Testimate Guide

Logistic regression

Logistic regresssion is not part of the AP Stats syllabus, and is often missing from the introductory course. We include it in testimate because it’s pretty cool, and it’s one way to explore how a numeric predictor can predict a categorical outcome.

We’ll use our “pulse” dataset again, this time trying to predict gender from height.

When you set that up in testimate, and configure it to predict Male (because the young men are taller than the young women in the sample), you see this:

What the heck does this all mean?

Logistic regression (like linear regression) fits a function to the data. But this will be a logistic function, a kind of S-shaped thing. In this case, the function (the Model in the display) is

\[P(\mathrm{gender = Male}) = \frac{1}{1 + e^{-4m(\mathrm{height}-b)}}\]

Still not clear? I don’t blame you. Let’s look at the results of this regression. First, we’ll explain the graph. Then we’ll explain how to make it:

The points are data: the heights of the people. You can see logisticGroup on the vertical axis. It’s a translation of gender, where Male appears as 1.0 and Female is 0.0. As you can see, males are taller than females on average; in logistic regresssion terms, you might say that the taller someone is, the more likely they are to be male.

The red curve is the logistic model.
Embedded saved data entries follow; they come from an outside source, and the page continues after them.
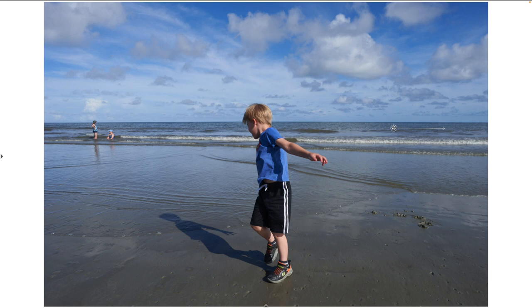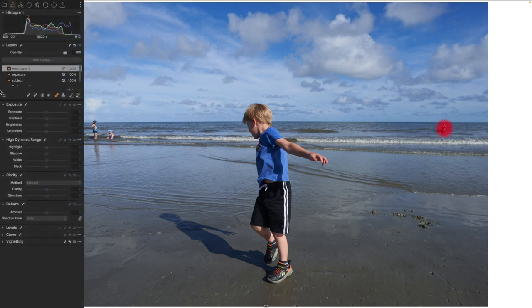If I press M, I can see the masked area again. I could edit this masked area, add to it or subtract from it like any other mask. I just need to make sure that it's selected, and I could come to my eraser tool or the magic eraser tool.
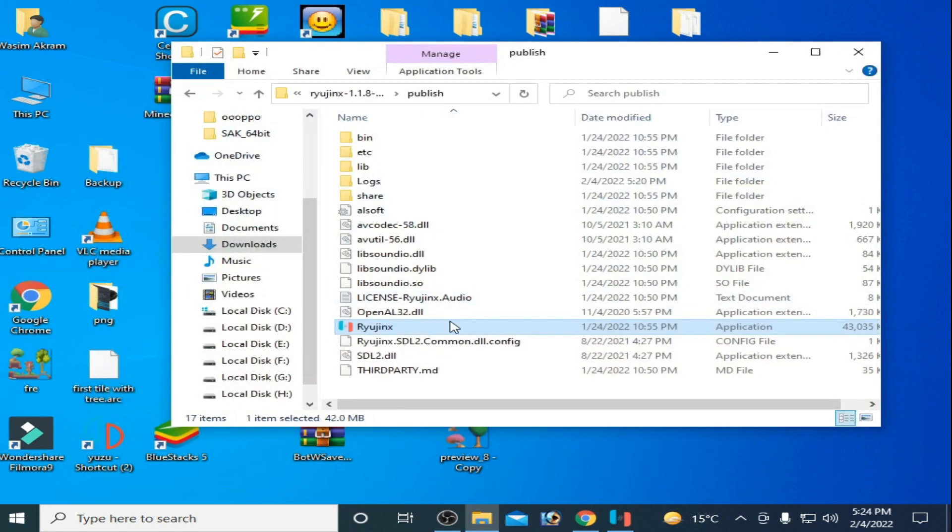Hello everyone and welcome back to my channel. Today I'm going to show you how to fix the Pokemon Legends Arceus low FPS problem in Ryujinx emulator.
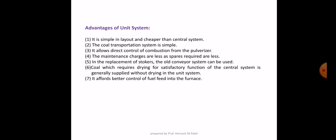Advantages of the unit system: It is simple in layout and cheaper than the central system. The coal transportation system is simple because the coal is introduced directly into the coal bunker, passing into the feeder and then the coal mill. It allows direct control of combustion from the pulverizer. The maintenance charges are less, space required is less. In replacement of stokers, the old conveyor system can be used. Coal requiring drying for the central system is generally supplied without drying in the unit system. It affords better control of fuel feed into the furnace.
You can see, for example, that the value of the function at height = 160 is about 0.1. That means that, if a person is 160 cm tall, the probability that they are male is 0.1. Wild, huh?

Another way to say this is, “if you just look near 160 cm, only about 10% of the people are male.”

Making that graph

Testimate cannot ask CODAP to make the entire graph that we want, so you have to do a little of the work yourself:

  • Press the show graph button. This will make a graph where the outcome attribute values are represented by 0 and 1. (Perfect for probability…)
  • Press copy formula. This puts a copy of the formula for the function—the Model probability function shown in the output, but with lots more decimal places—on the clipboard.
  • Click on the graph. In the graph’s “ruler” menu, check Plotted Function.
  • At the top of the graph, click in the white area to the right of “f()=”. The formula editor opens.
  • Paste the formula into the formula editor. Then click Apply to see your function!
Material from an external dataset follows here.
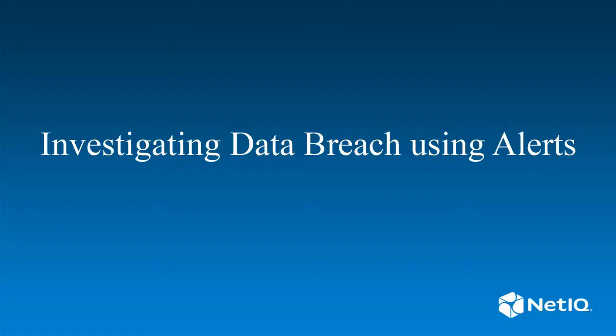This video demonstrates how you can use alerts in Sentinel to investigate a data breach activity. This video assumes that you have a basic knowledge of Sentinel.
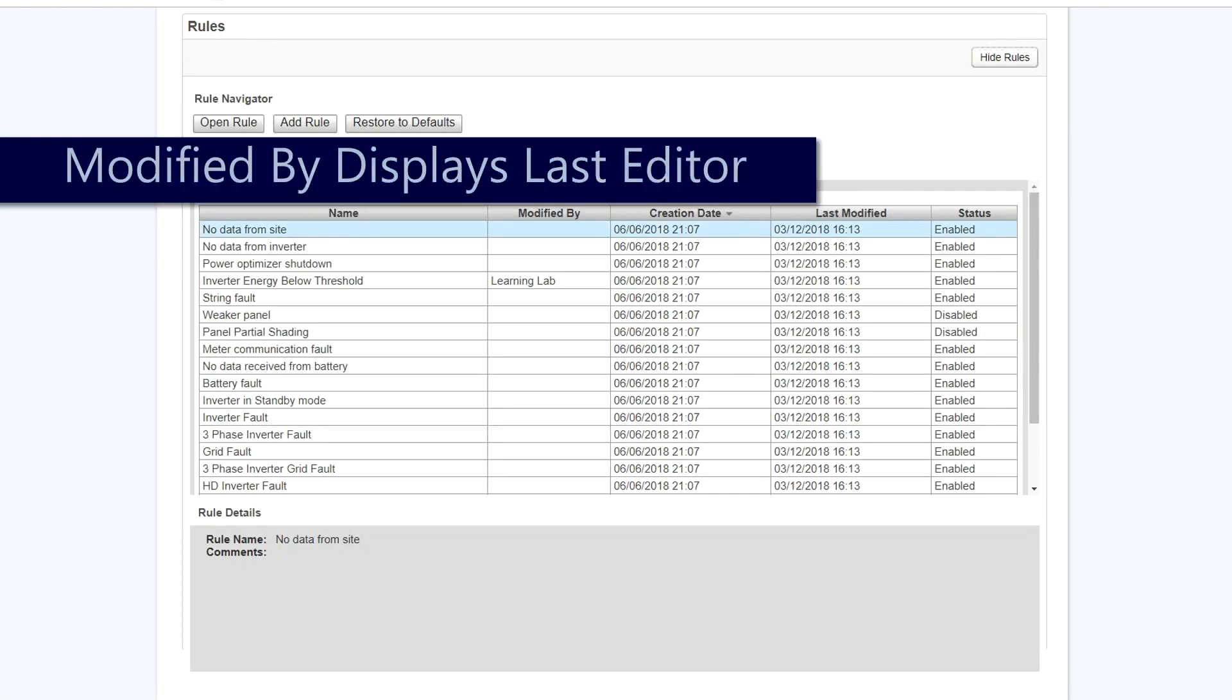After saving, any alerts that have been modified will show who they've been modified by.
Formula editor with pasted function. See? Lots of decimal places.

Note: if the model changes, it will not update the function automatically. You need to re-copy and re-paste the function definition.

Try making the graph in the live demo below.

The “find” box

Just above the blue “configuration stripe” is a tool to compute probabilities at a specific value for the predictor. Just enter the value you want and press enter or tab, and testimate will compute the probability.

This one shows that, if you’re 175 cm tall, there’s an 86% chance that you’re male. You can try it out in the demo above. At what height is your chance of being male about a quarter?

What do the function parameters mean?

In the logistic function

\[y = \frac{1}{1 + e^{-4m(x-b)}}\]

there are two parameters, \(m\) and \(b\). In this way of writing the function, \(b\) is the value of the predictor where the outcome (the probability \(y\)) is 0.5.1 And \(m\) is the slope of the curve at that point.2 So when we look at a specific function, such as the one in the graph we showed earlier (now in the margin),

\[P(\mathrm{gender = Male}) = \frac{1}{1 + e^{-4 \times 0.06 (\mathrm{height}-168)}}\]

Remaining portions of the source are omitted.